Force est de constater que la plaidoyer de l’organisation en faveur de la viande cultivée ne fait pas l’unanimité du côté des partis politiques. Alors que Groen, la N-VA, Vooruit et l’Open Vld y sont favorables côté flamand, seul le PTB-PVDA (parti national) se montre d’accord avec l’idée au sud du pays.
Les marxistes soulignent le potentiel incarné par la viande de laboratoire, «à condition que le processus technologique soit encadré». «On ne peut exclure que dans quelques décennies ce soit une méthode de production de protéines animales non négligeable», commente le directeur de la campagne du PTB-PVDA David Pestiau.
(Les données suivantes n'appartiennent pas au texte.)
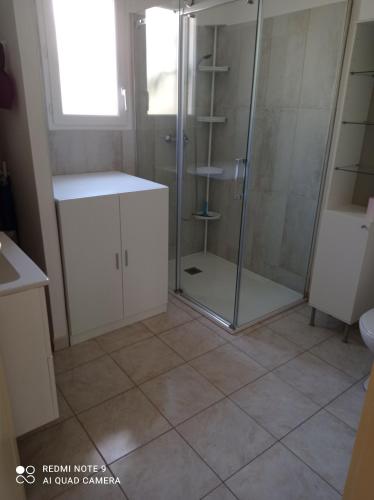 a bathroom with a shower and a tiled floor at villa Montecristo in Cervione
Ecolo «s’est abstenu sans fermer la porte» quant à cette demande de Gaia. Les écologistes estiment que davantage de recherches doivent être effectuées avant de pouvoir se positionner. «La viande cultivée en laboratoire représente une technologie qui peut s’avérer bénéfique, mais à certaines conditions: l’énergie nécessaire à sa production doit nécessairement être décarbonée et il ne faut pas qu’elle favorise une situation de marché où celui-ci serait détenu par une poignée d’entreprises».
Le PS, comme les verts, s’est abstenu sur la proposition liée à la viande de synthèse, expliquant très succinctement que «la viande cultivée n’est pas encore assez mature et que cela nécessite des recherches approfondies».
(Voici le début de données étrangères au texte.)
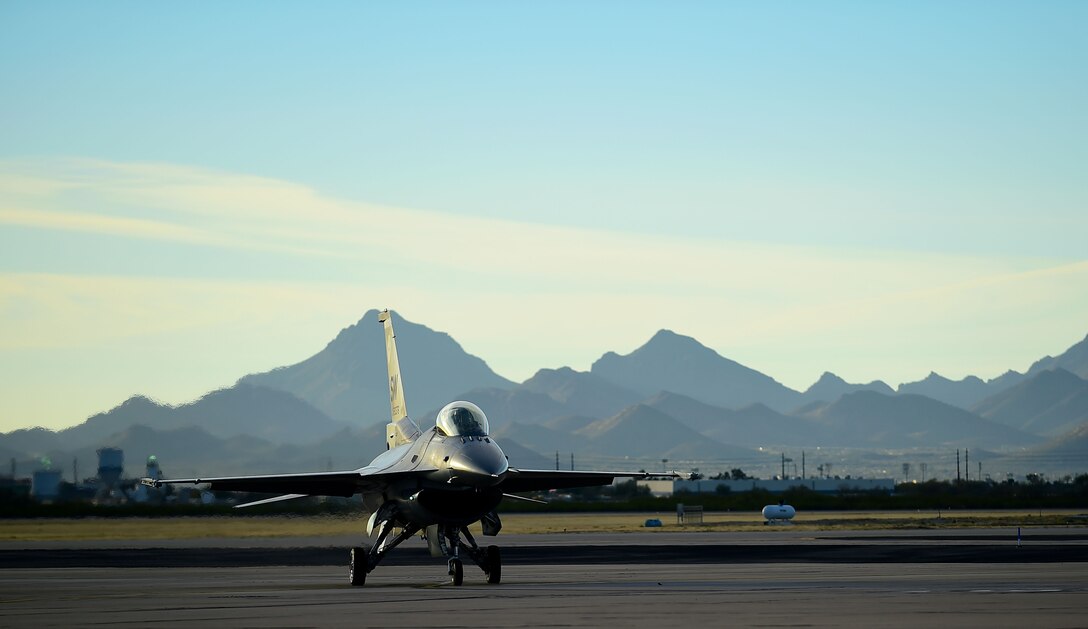 An F-16 Viper taxies after flying during the 2017 Heritage Flight Training and Certification Course at Davis-Monthan Air Force Base, Ariz., Feb. 11, 2017. The F-16 Viper was joined by several aircraft, including the F-22 Raptor, F-35 Lightning II and the A-10C Thunderbolt II during the 20th annual demonstration training. (U.S. Air Force Photo by Senior Airman Kimberly Nagle)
“Pas question de dépenser plein d’argent public pour faire ça à fonds perdus”
Le vote des agriculteurs en ligne de mire
Qu’en pense le MR? «Toutes les initiatives visant à diversifier la chaîne alimentaire et mettre en avant nos produits locaux sont les bienvenues. Toutefois, elles doivent tenir compte des impératifs économiques et sanitaires qui pèsent sur la filière et pouvoir atteindre une rentabilité (ou tout au mieux une neutralité financière si elles sont sans but lucratif ou de l’économie sociale) pour ne pas dépendre abusivement d’argent public. Le rôle de l’Etat est de permettre l’émergence de ces entreprises, pas de les maintenir artificiellement en vie en décourageant d’autres initiatives non subsidiées. Autrement dit, on n’est pas contre la viande cultivée, on veut bien soutenir le lancement d’une filière si cela répond à une demande, mais pas question de dépenser plein d’argent public pour faire ça à fonds perdus. Il faut aussi tenir compte de l’impact que cela pourrait avoir sur nos élevages traditionnels.»
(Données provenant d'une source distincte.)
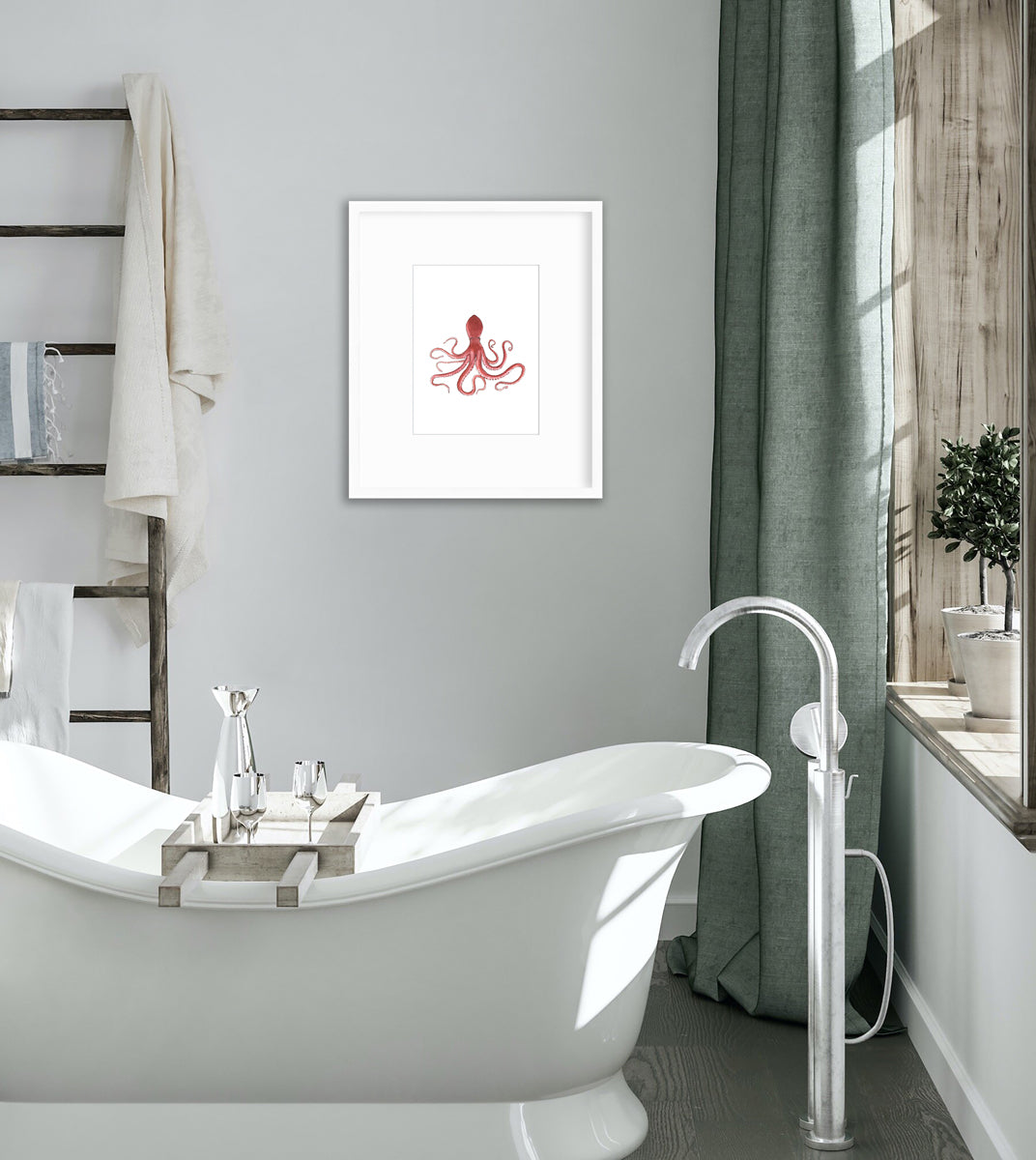 A pink octopus print in a white frame with a mat hangs on a white wall above a white soaking bathtub and next to a ladder with towels and a large windowsill with potted plants.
Les Engagés (ex-cdH), qui va chercher historiquement des voix chez les agriculteurs, s’oppose à la viande de laboratoire. Le parti centriste souhaite continuer à soutenir « l’agriculture d’élevage et céréalière de qualité », qui contribue selon eux au développement économique de la ruralité, ainsi qu’à la restauration de la nature et de la biodiversité. Par ailleurs, Les Engagés estiment que la viande cellulaire, comme réponse au bien-être animal, est « une fausse bonne idée, d’autant qu’un élevage raisonné et de qualité agencé à des conditions de transport qualitatives ne comporte aucune souffrance mais assure un bien-être aux animaux de la ferme fussent-ils destinés à l’alimentation humaine ».
Le député bruxellois Jonathan de Patoul (DéFI) explique pourquoi son parti s’oppose à un investissement plus important dans la viande de synthèse. «Pourquoi ne pas favoriser des alternatives végétales qui existent? Quel risque de confier notre alimentation à des laboratoires? Et demain, on fera de la carotte de synthèse?, ironise l’amarante. Il y a une vraie question philosophique derrière cette idée. Investir de l’argent public là-dedans pose question. Mais si ça passe par le privé, pourquoi pas.»
Partant du constat que six partis sur treize sont favorables à la viande cultivée, le directeur des opérations de Gaia se dit satisfait de l’évolution des mentalités. «Certains partis continuent d’opposer l’agriculture traditionnelle à l’agriculture cellulaire, déplore Sébastien De Jonge. Ils ont peur qu’un tel soutien soit perçu comme une attaque envers les agriculteurs, alors qu’on souhaite les inclure dans cette transition. Certains, comme Ecolo et Les Engagés, ont inclus le bien-être animal dans leur programme. C’était moins à l’agenda lors des dernières élections.»